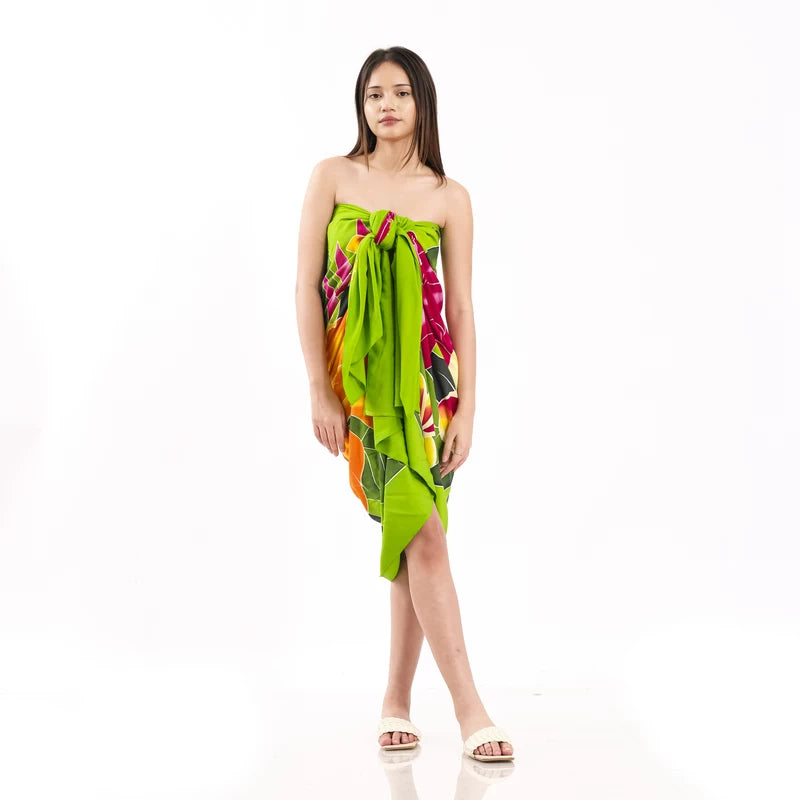 Q1-200 Flower-02 Hand Painted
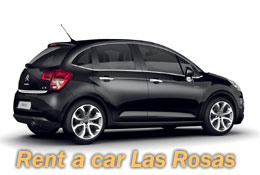 Citroen c3 de alquiler Tenerife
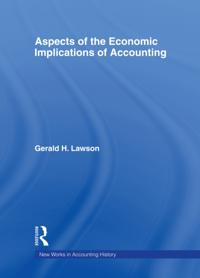 Aspects of the Economic Implications of Accounting
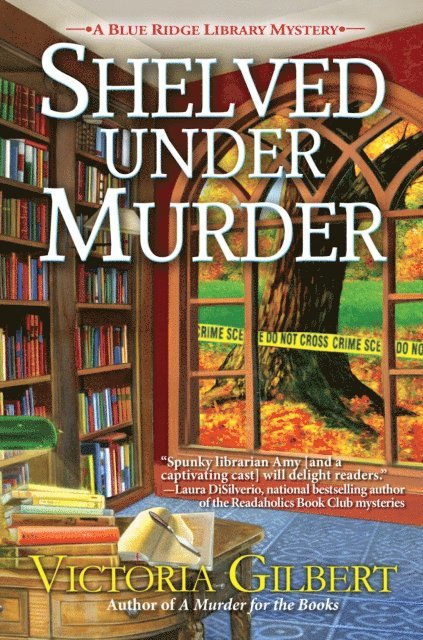 Victoria Gilbert - Shelved Under Murder, E-bok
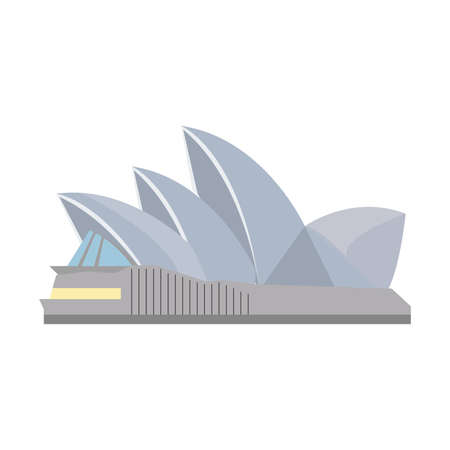 sydney opera houseのイラスト素材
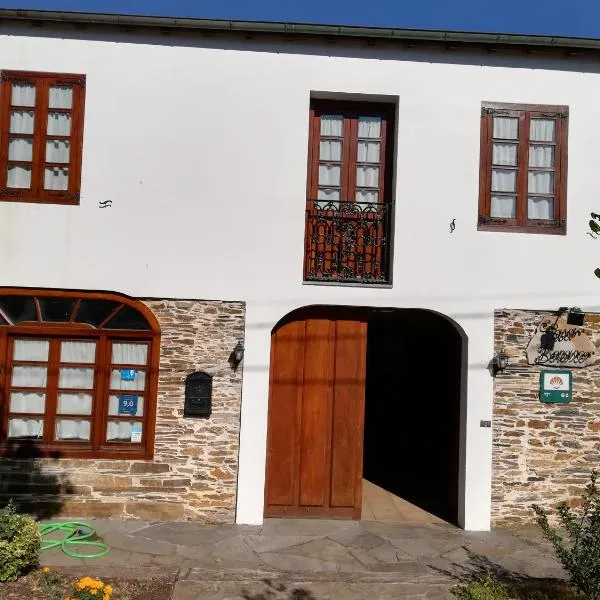 Casa Benaxo，位于Santo Estevo de Ribas de Mino的酒店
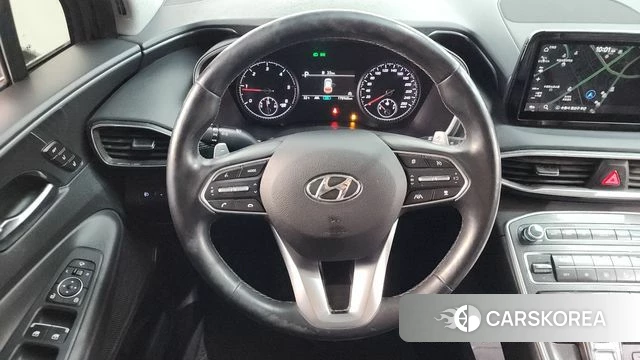 Hyundai The New Santa Fe 2020 Песочный из Кореи, фото 4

# What to work on:
The last line of the entries marks the end, and the line with "sydney opera houseのイラスト素材" marks the start. Output exactly those two lines and every line between them, nothing else, with the pictures left out.

# Solved problem:
 sydney opera houseのイラスト素材
 Casa Benaxo，位于Santo Estevo de Ribas de Mino的酒店
 Hyundai The New Santa Fe 2020 Песочный из Кореи, фото 4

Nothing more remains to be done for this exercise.